== Task description ==
Only one portion of the data is to be written out: from the line bearing "Ruiz, Janet Mills" through the line bearing "Cutting Files Worlds". Write it exactly as it appears.

== Data to use ==
+++
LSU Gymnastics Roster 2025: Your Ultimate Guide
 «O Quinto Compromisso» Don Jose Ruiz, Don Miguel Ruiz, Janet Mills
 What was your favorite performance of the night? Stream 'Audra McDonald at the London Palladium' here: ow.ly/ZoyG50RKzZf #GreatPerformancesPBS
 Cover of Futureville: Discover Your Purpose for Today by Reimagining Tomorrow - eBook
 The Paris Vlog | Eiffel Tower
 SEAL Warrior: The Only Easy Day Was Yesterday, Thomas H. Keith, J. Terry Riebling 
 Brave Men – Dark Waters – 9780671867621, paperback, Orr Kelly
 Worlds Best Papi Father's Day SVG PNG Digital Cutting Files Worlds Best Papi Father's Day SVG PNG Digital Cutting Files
+++
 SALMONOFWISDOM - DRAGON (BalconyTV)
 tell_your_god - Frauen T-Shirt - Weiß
+++
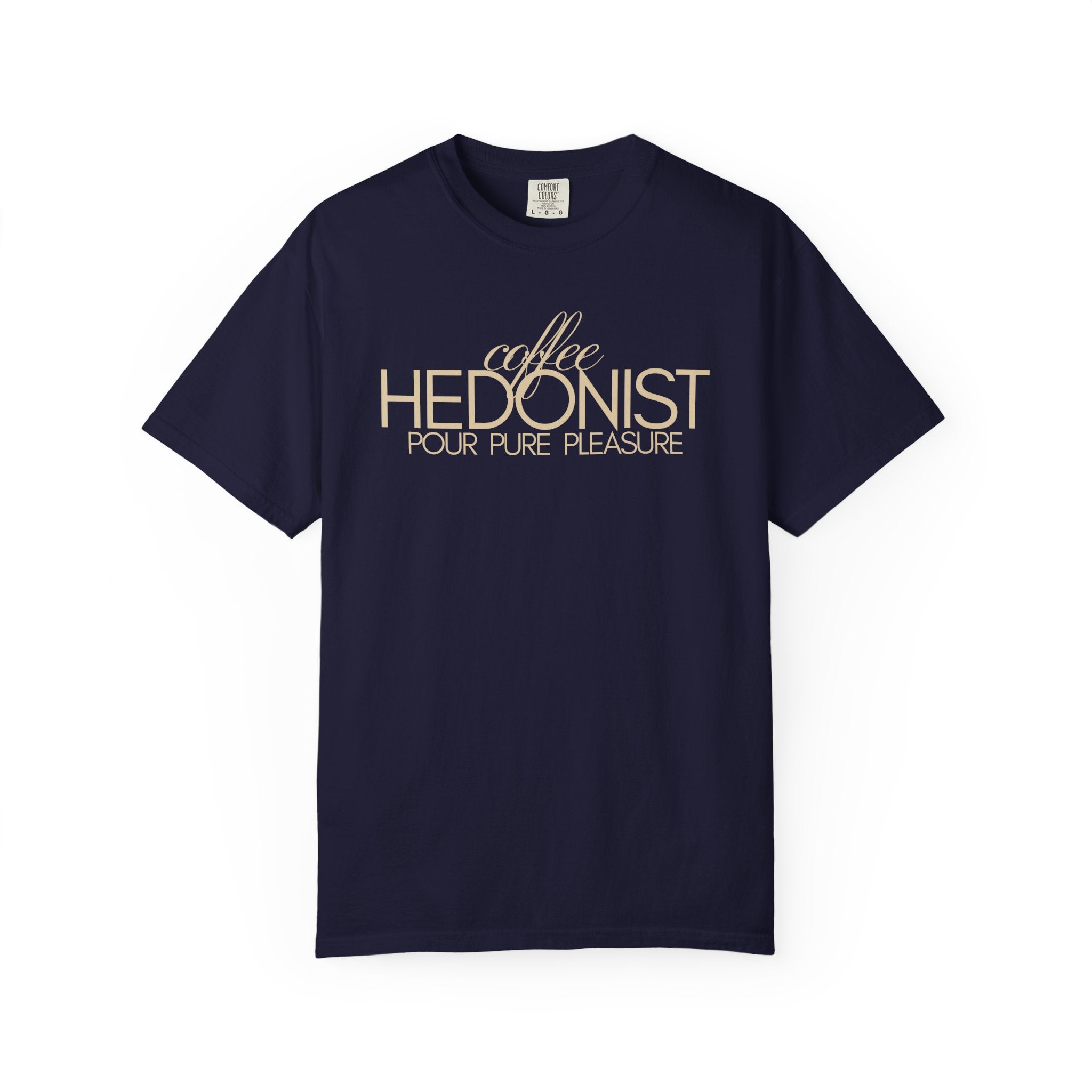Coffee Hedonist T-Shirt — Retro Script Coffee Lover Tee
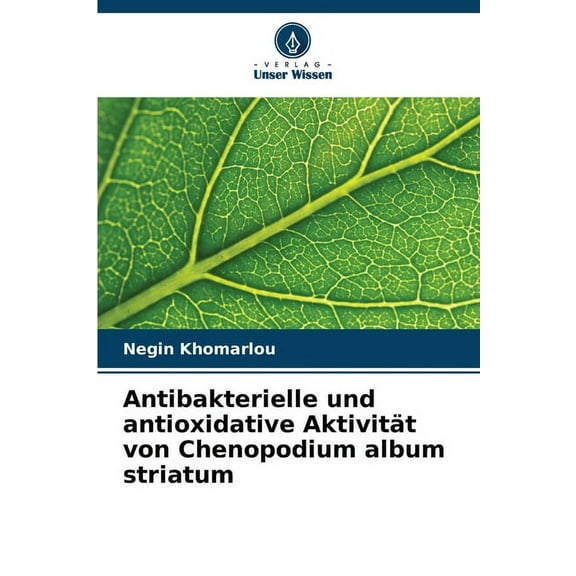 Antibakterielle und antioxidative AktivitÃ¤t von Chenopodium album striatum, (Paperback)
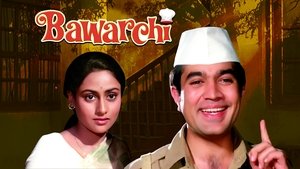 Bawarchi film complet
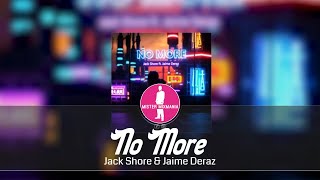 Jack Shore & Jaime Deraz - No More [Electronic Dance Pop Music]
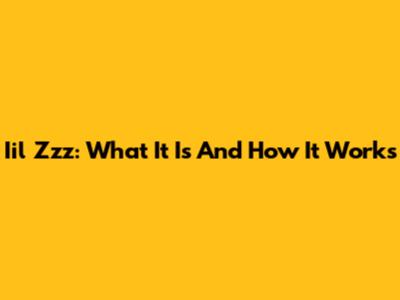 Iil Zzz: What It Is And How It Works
+++
== Reply to the task ==
 «O Quinto Compromisso» Don Jose Ruiz, Don Miguel Ruiz, Janet Mills
 What was your favorite performance of the night? Stream 'Audra McDonald at the London Palladium' here: ow.ly/ZoyG50RKzZf #GreatPerformancesPBS
 Cover of Futureville: Discover Your Purpose for Today by Reimagining Tomorrow - eBook
 The Paris Vlog | Eiffel Tower
 SEAL Warrior: The Only Easy Day Was Yesterday, Thomas H. Keith, J. Terry Riebling 
 Brave Men – Dark Waters – 9780671867621, paperback, Orr Kelly
 Worlds Best Papi Father's Day SVG PNG Digital Cutting Files Worlds Best Papi Father's Day SVG PNG Digital Cutting Files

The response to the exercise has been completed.